Pagination in a REST web application

This is a more generic reformulation of this question (with the elimination of the Rails specific parts)

I am not sure how to implement pagination on a resource in a RESTful web application. Assuming that I have a resource called products, which of the following do you think is the best approach, and why:

1. Using only query strings

eg. http://application/products?page=2&sort_by=date&sort_how=asc
The problem here is that I can't use full page caching and also the URL is not very clean and easy to remember.

2. Using pages as resources and query strings for sorting

eg. http://application/products/page/2?sort_by=date&sort_how=asc
In this case, the problem that is see is that http://application/products/pages/1 is not a unique resource since using sort_by=price can yield a totally different result and I still can't use page caching.

3. Using pages as resources and an URL segment for sorting

eg. http://application/products/by-date/page/2
I personally see no problem in using this method, but someone warned me that this is not a good way to go (he didn't give a reason, so if you know why it's not recommended, please let me know)

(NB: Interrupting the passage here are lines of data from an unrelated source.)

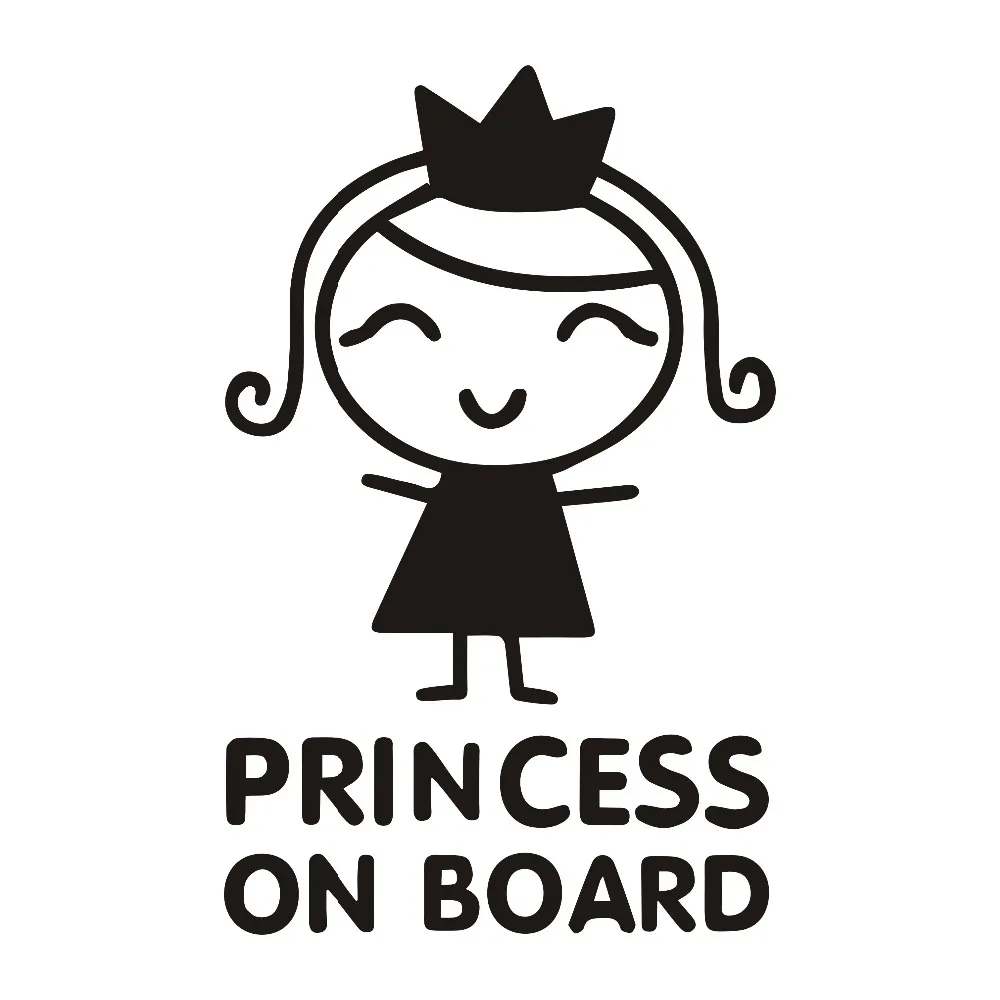 Car Accessories For Baby - Adesivos de carro personalidade princesa a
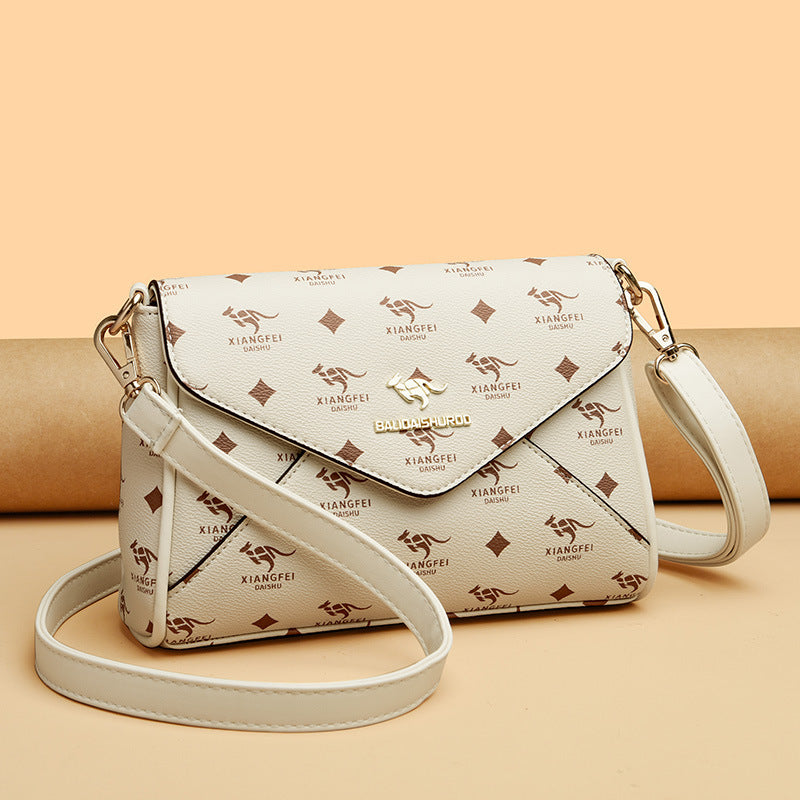 Women's Mother Simple Fashion Stitching Use Mother-in-law Crossbody Bags
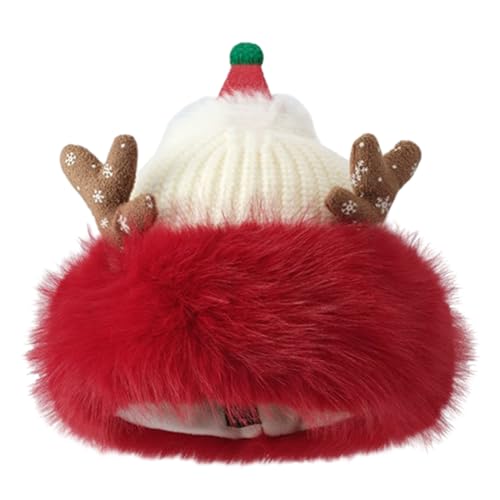 Mirweon InsStyle Weihnachtsmütze für Mädchen, spitz, mit Geweih, Outdoor-Aktivität, Totenkopf-Hut, festliche Kopfbedeckung Mirweon InsStyle Weihnachtsmütze für Mädchen, spitz, mit Geweih, Outdoor-Aktivität, Totenkopf-Hut, festliche Kopfbedeckung von Mirweon
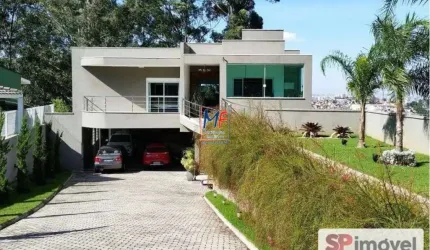 Excelente casa em cond. fechado no Jardim Ibiratiba, 810m² a.u., 6 dormitórios (3 suítes), sala, cozinha, cinema, área gourmet, churrasqueira, spa, 16 vagas (REF 20.101)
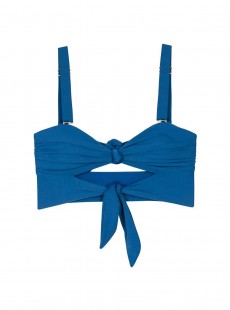 Haut de maillot de bain bandeau Island Blue Bleu - PilyQ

Any suggestions, opinions, critiques are more than welcome. Thanks.

This is a great question.
Bonus question: how do people usually specify page sizes?
Don't forget about Matrix parameters w3.org/DesignIssues/MatrixURIs.html

V
Vinod

I agree with Fionn, but I'll go one step further and say that to me the Page is not a resource, it's a property of the request. That makes me chose option 1 query string only. It just feels right. I really like how the Twitter API is structured restfully. Not too simple, not too complicated, well documented. For better or worse it's my "go to" design when I am on the fence on doing something one way versus another.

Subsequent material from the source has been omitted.